Demanda. Além da oferta escassa, que deve manter o preço em patamares elevados ao longo do ano, a outra ponta, a demanda, também é motivo de preocupação. O mercado interno, que representa 80% do consumo da produção bovina do País, está desaquecido.

Já as exportações brasileiras, embora beneficiadas pela alta do dólar, caíram 17,6% em volume e em receita no primeiro trimestre na comparação com o mesmo período em 2014, segundo a Associação Brasileira das Indústrias Exportadoras de Carne (Abiec). “Grandes importadores, como Rússia e Venezuela, foram impactados pela queda nos preços do petróleo, pois dependem dessas receitas, e tiveram de renegociar contratos”, diz Lopes, da Scot.

Para Nogueira, da Agroconsult, o recuo da demanda no mercado externo é passageiro. “Acreditamos que os efeitos na queda das exportações sejam pontuais, pois a baixa observada em janeiro e fevereiro está sendo comparada com os resultados do mesmo período de 2014, que tiveram aumentos significativos e acima da média nas exportações”, diz. 

A Rússia, segundo maior importador de carne bovina brasileira em 2014, atrás de Hong Kong, chegou a figurar em fevereiro como o quinto destino.

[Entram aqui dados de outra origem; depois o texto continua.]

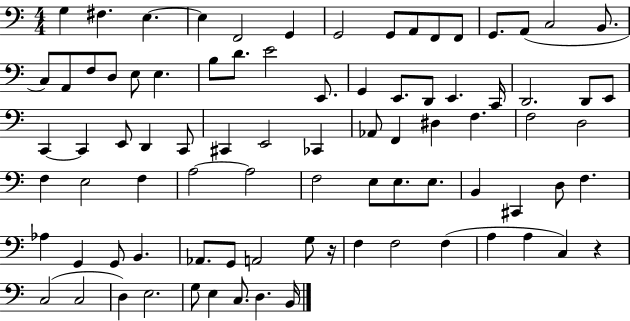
X:1
T:Untitled
M:4/4
L:1/4
K:C
G, ^F, E, E, F,,2 G,, G,,2 G,,/2 A,,/2 F,,/2 F,,/2 G,,/2 A,,/2 C,2 B,,/2 C,/2 A,,/2 F,/2 D,/2 E,/2 E, B,/2 D/2 E2 E,,/2 G,, E,,/2 D,,/2 E,, C,,/4 D,,2 D,,/2 E,,/2 C,, C,, E,,/2 D,, C,,/2 ^C,, E,,2 _C,, _A,,/2 F,, ^D, F, F,2 D,2 F, E,2 F, A,2 A,2 F,2 E,/2 E,/2 E,/2 B,, ^C,, D,/2 F, _A, G,, G,,/2 B,, _A,,/2 G,,/2 A,,2 G,/2 z/4 F, F,2 F, A, A, C, z C,2 C,2 D, E,2 G,/2 E, C,/2 D, B,,/4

Em março, no entanto, melhorou de posição e aumentou suas importações em quase 50%, para 17 mil toneladas. Segundo analistas do banco Rabobank, em relatório trimestral, “o desenvolvimentos da situação na Rússia será uma questão-chave para as exportações de carne brasileira neste ano”. 

 

Consumo desaquecido dificulta repasse ao varejo

A principal queixa dos frigoríficos neste ano vinha sendo a dificuldade de repassar o aumento da arroba do boi gordo ao varejo, uma vez que a carne já estava em patamares elevados. Com a inflação alta e a diminuição do poder de compra do consumidor, os preços da carcaça casada de boi recuram 2,3% entre janeiro e março, segundo dados do Cepea.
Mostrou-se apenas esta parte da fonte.